De drijfveer van de verdachte is geweest zijn vader behulpzaam te zijn bij het vervullen van zijn doodswens om daarmee zijn lijden te beëindigen. De verdachte was ervan overtuigd dat hij moreel juist handelde, maar is onvoldoende kritisch geweest tegenover het verlangen van zijn vader om te sterven en tegenover zijn eigen wens om zijn vader te helpen. Hij heeft zich onvoldoende vragen gesteld bij de juistheid van zijn daden en onvoldoende gezocht naar alternatieven. Ook heeft hij geen overleg gevoerd met naaste familie of een arts.
De rechtbank legt de verdachte een gevangenisstraf op van 3 maanden, geheel voorwaardelijk met een proeftijd van 3 jaren.
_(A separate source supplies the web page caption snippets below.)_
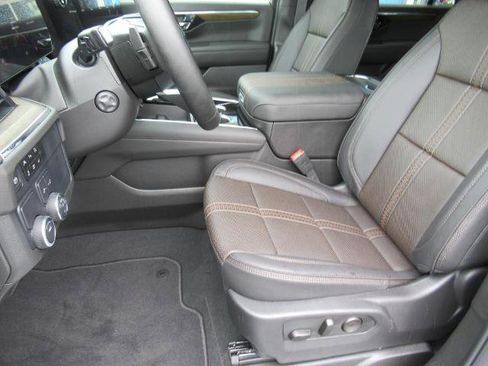 New 2025 Chevrolet Suburban High Country image 16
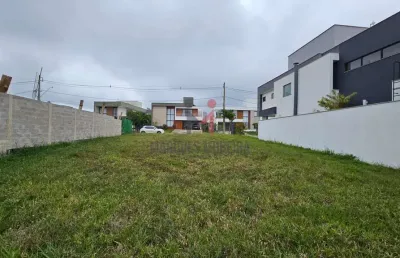 Construa a casa dos seus sonhos em um dos melhores terrenos disponíveis no alphaville!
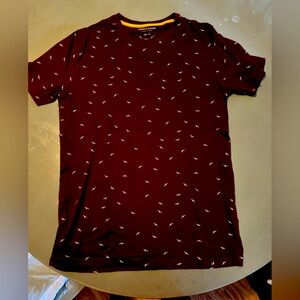 Men’s Denim & Flower Tee Shirt (Maroon)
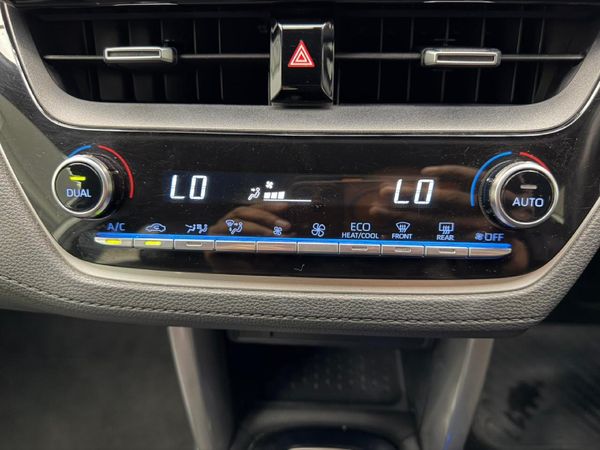 2022-Toyota-Corolla-Cross-18-XS image:12
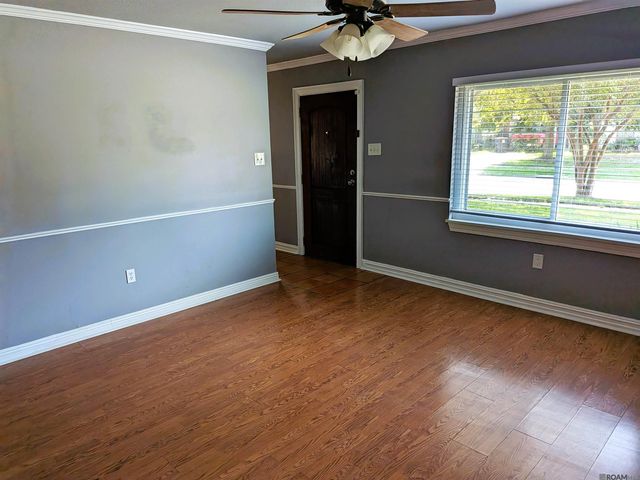 11591 Auburn Dr, Baton Rouge, LA 70816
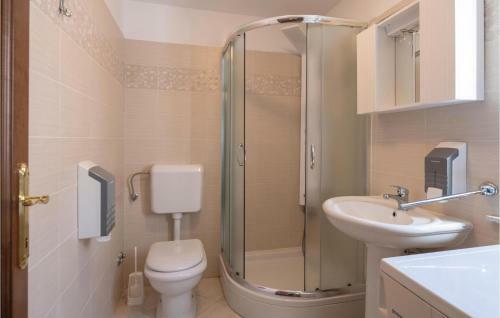 Four-bedroom Holiday Home In Orihi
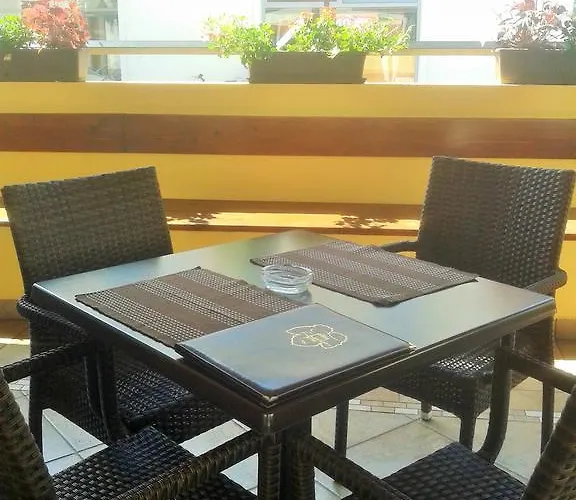 غيست هاوس جيرسين 2* لوغانتيس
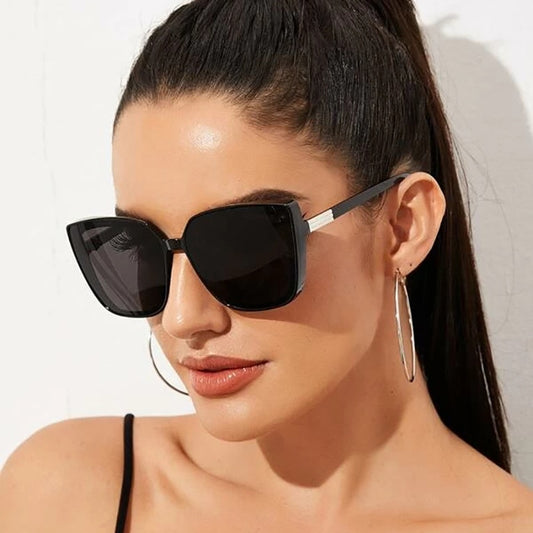 CHYLEANNA  Vintage Cat Eye Sunglass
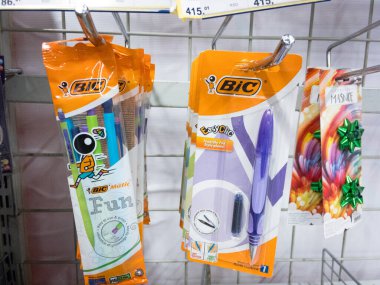 BELGRAD, SERBIA - NOVEMBER 8, 2020: Tükenmez kalem ve tükenmez kalem satan paketlerin üzerindeki bic logosu. Societe Bic, yazma araçları ve plastik cihazlar üzerine uzmanlaşmış bir Fransız şirketidir.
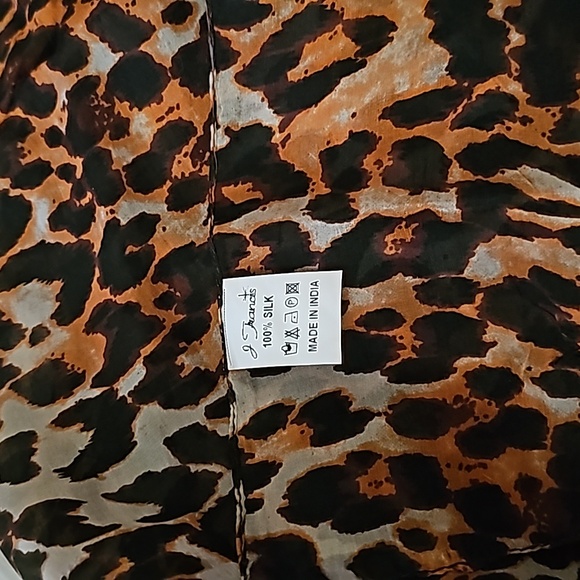 Silk Scarf approx. 60" x 20 inches, 5 matching bangles, Leopard Print, NWT - Picture 3 of 6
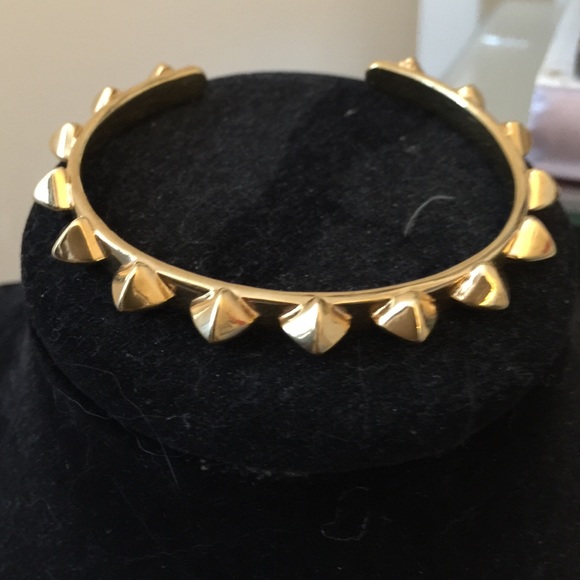 Stella and Dot pyramid studded gold bracelet
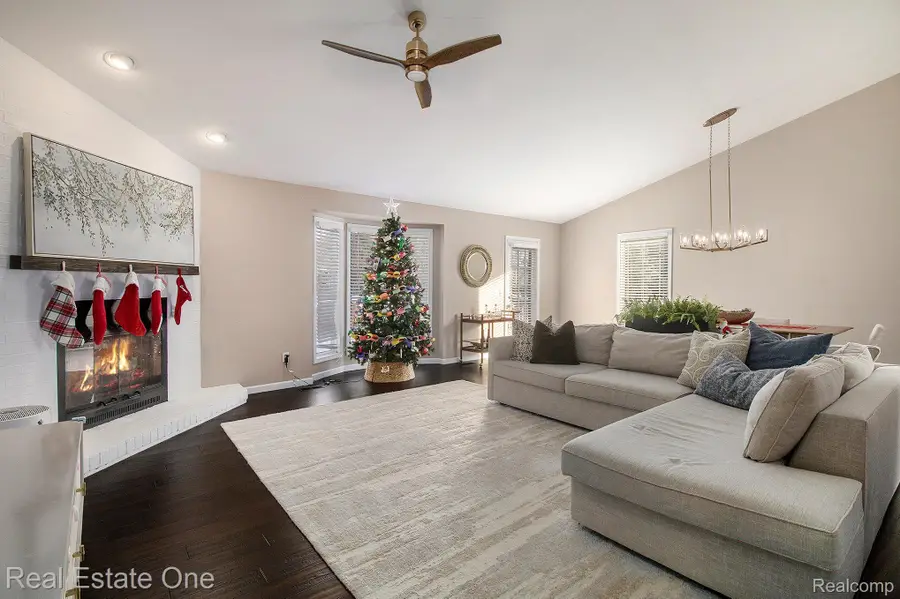 6886 High Oaks Drive, Troy, MI 48098 - Image #3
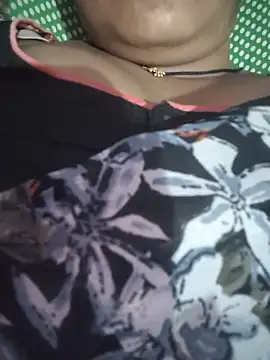 Snapshot of Nilam_cute chatting on May 13, 2:36 pm Nilam cute online show from May 13, 2:36 pm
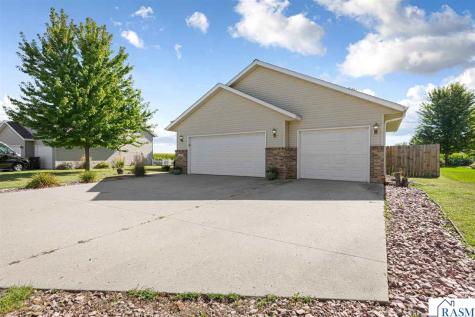 217 Inverness Drive Mankato MN 56001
Volgens de rechtbank dient deze straf er niet toe te voorkomen dat de verdachte opnieuw iemand zal helpen bij zelfdoding, omdat zij ervan overtuigd is dat de verdachte dit niet nog een keer zal doen. De rechtbank wil vooral een algemeen signaal afgeven met de straf: hulp bij zelfdoding kan niet straffeloos blijven, ook al gebeurt dat met de beste bedoelingen.
De verdediging heeft nog een beroep gedaan op strafuitsluitingsgronden. Dat beroep heeft de rechtbank verworpen.